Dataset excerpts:
# # # #

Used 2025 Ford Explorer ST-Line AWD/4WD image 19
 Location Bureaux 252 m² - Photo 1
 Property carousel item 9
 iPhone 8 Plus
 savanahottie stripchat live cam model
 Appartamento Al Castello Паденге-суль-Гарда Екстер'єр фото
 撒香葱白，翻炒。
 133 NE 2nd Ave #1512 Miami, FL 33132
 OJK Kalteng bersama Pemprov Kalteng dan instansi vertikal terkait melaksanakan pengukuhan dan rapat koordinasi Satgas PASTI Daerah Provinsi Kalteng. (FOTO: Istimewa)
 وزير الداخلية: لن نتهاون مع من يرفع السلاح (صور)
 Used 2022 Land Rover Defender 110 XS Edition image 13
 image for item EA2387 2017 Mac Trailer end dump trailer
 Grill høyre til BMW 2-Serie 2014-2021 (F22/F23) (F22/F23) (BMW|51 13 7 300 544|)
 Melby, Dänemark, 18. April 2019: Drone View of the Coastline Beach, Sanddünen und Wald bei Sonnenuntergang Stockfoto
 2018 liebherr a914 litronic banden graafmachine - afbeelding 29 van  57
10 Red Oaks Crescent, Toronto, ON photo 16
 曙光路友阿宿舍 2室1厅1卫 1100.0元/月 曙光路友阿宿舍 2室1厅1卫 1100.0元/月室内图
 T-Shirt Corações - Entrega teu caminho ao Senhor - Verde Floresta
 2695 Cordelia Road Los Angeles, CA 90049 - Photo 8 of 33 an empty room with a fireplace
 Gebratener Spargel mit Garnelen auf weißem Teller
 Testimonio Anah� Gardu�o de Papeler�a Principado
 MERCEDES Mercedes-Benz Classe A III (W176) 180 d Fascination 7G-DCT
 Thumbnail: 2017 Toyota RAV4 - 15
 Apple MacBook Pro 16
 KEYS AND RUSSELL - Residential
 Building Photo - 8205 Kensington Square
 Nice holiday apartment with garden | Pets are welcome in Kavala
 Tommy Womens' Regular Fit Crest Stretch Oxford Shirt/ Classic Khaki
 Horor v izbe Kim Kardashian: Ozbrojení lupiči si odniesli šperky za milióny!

# # # #

Action item -> Each of the lines above must appear again, unchanged.

Output for this task ->
Used 2025 Ford Explorer ST-Line AWD/4WD image 19
 Location Bureaux 252 m² - Photo 1
 Property carousel item 9
 iPhone 8 Plus
 savanahottie stripchat live cam model
 Appartamento Al Castello Паденге-суль-Гарда Екстер'єр фото
 撒香葱白，翻炒。
 133 NE 2nd Ave #1512 Miami, FL 33132
 OJK Kalteng bersama Pemprov Kalteng dan instansi vertikal terkait melaksanakan pengukuhan dan rapat koordinasi Satgas PASTI Daerah Provinsi Kalteng. (FOTO: Istimewa)
 وزير الداخلية: لن نتهاون مع من يرفع السلاح (صور)
 Used 2022 Land Rover Defender 110 XS Edition image 13
 image for item EA2387 2017 Mac Trailer end dump trailer
 Grill høyre til BMW 2-Serie 2014-2021 (F22/F23) (F22/F23) (BMW|51 13 7 300 544|)
 Melby, Dänemark, 18. April 2019: Drone View of the Coastline Beach, Sanddünen und Wald bei Sonnenuntergang Stockfoto
 2018 liebherr a914 litronic banden graafmachine - afbeelding 29 van  57
10 Red Oaks Crescent, Toronto, ON photo 16
 曙光路友阿宿舍 2室1厅1卫 1100.0元/月 曙光路友阿宿舍 2室1厅1卫 1100.0元/月室内图
 T-Shirt Corações - Entrega teu caminho ao Senhor - Verde Floresta
 2695 Cordelia Road Los Angeles, CA 90049 - Photo 8 of 33 an empty room with a fireplace
 Gebratener Spargel mit Garnelen auf weißem Teller
 Testimonio Anah� Gardu�o de Papeler�a Principado
 MERCEDES Mercedes-Benz Classe A III (W176) 180 d Fascination 7G-DCT
 Thumbnail: 2017 Toyota RAV4 - 15
 Apple MacBook Pro 16
 KEYS AND RUSSELL - Residential
 Building Photo - 8205 Kensington Square
 Nice holiday apartment with garden | Pets are welcome in Kavala
 Tommy Womens' Regular Fit Crest Stretch Oxford Shirt/ Classic Khaki
 Horor v izbe Kim Kardashian: Ozbrojení lupiči si odniesli šperky za milióny!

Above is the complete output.